This past weekend was the 3rd annual PgWest.  The conference moved up to Seattle this year, and I think it was the biggest it’s ever been.  As usual, there were more interesting talks scheduled than I had time to attend.  (This is the 21st century;  where’s my time machine?)

For my first tech conferences a few years ago, I only went to sessions that were meaningful for my job.  I’ve since had a much better time (and learned more) by choosing which sessions I’ll attend based on the following criteria, in this order:
1) topic interestingness
2) speaker interestingess
3) relevance to my job duties

(See Tips #1 and #2 in Skud’s recent Ten tips for tech conference attendees post.)
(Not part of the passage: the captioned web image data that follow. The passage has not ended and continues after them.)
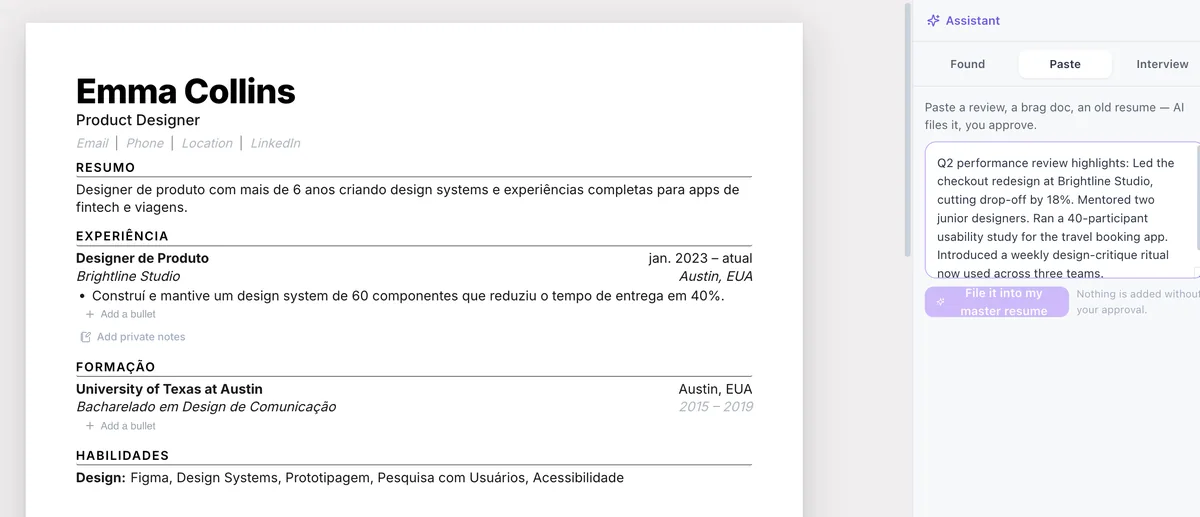 Continue acrescentando fatos conforme avança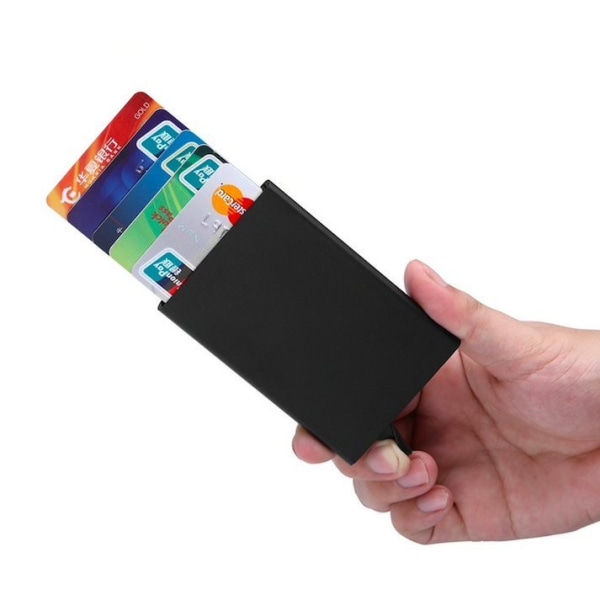 Pop-up kortholder - aluminiumskasse - (RFID-sikker) Sort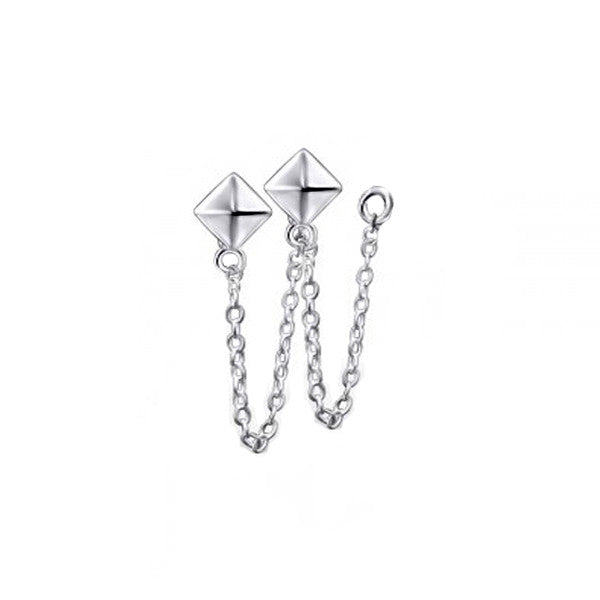 multi piercing interlinked chain sterling silver square studs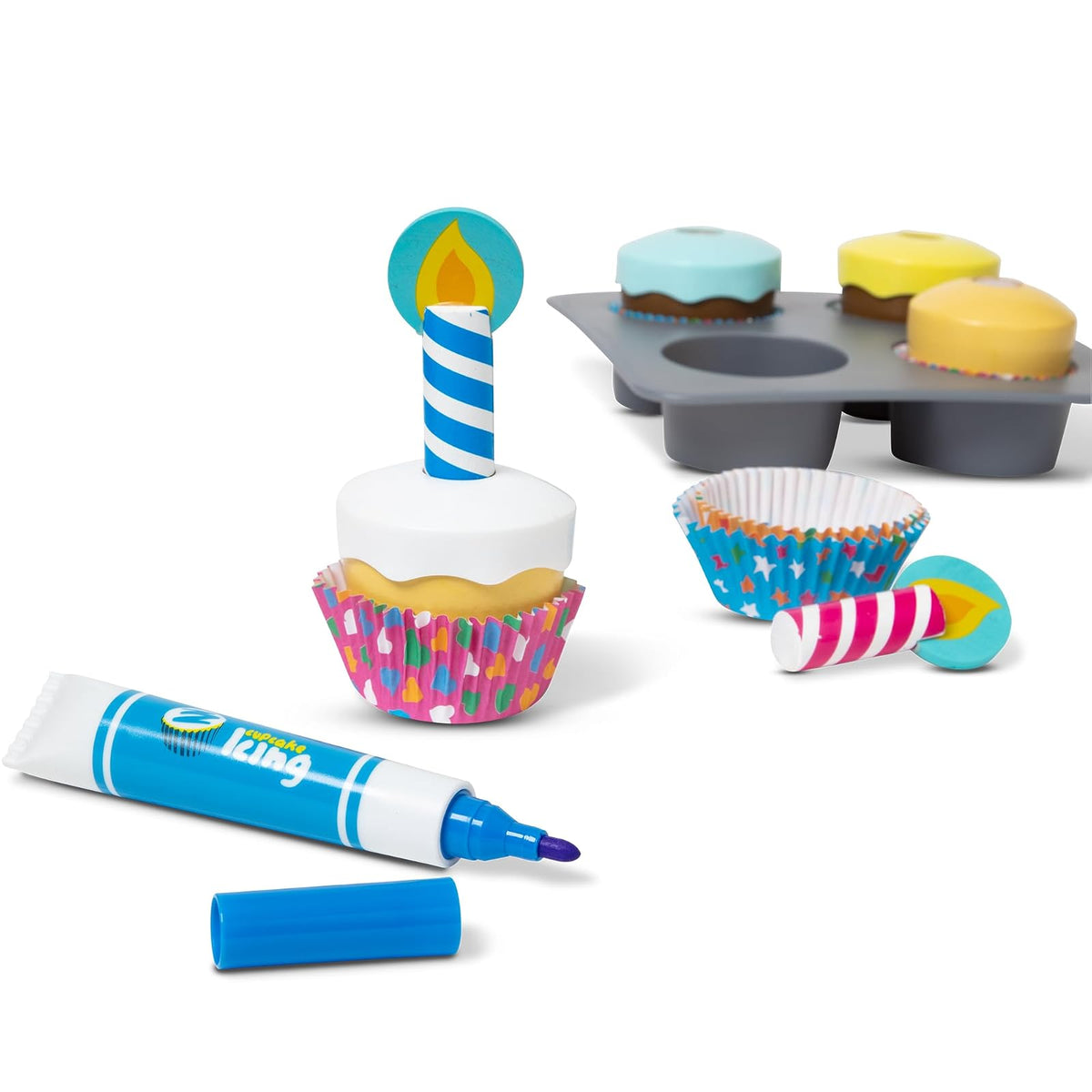 Melissa & Doug Juego De Pastelitos De Madera para Hornear Y Decorar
So, right out of the gate at PgWest, I’m in a python talk* – Adrian K’s (of LinuxFestNW fame) discussion on Dabo.  Dabo’s a python desktop framework;  I program primarily in Perl, and I’ve never touched a desktop app.  Adrian’s example project was a management system for a plant nursery, which I *do* understand, so I had a point of reference into the material (the methods & options used to track plants made sense to me).  I really wanted to talk to him more about this app, but never caught up with him.  (The hallway track felt kind of rushed for me this time.)  I got a good idea for form validation – if user tries to enter a blank value where one is not allowed, they get a pop-up immediately and the original text (if there was any) is put back in the field, forcing the user to accept the original input or enter something new before they can proceed to the next field.  This is a step up from giving the user the error message after they’ve submitted the form.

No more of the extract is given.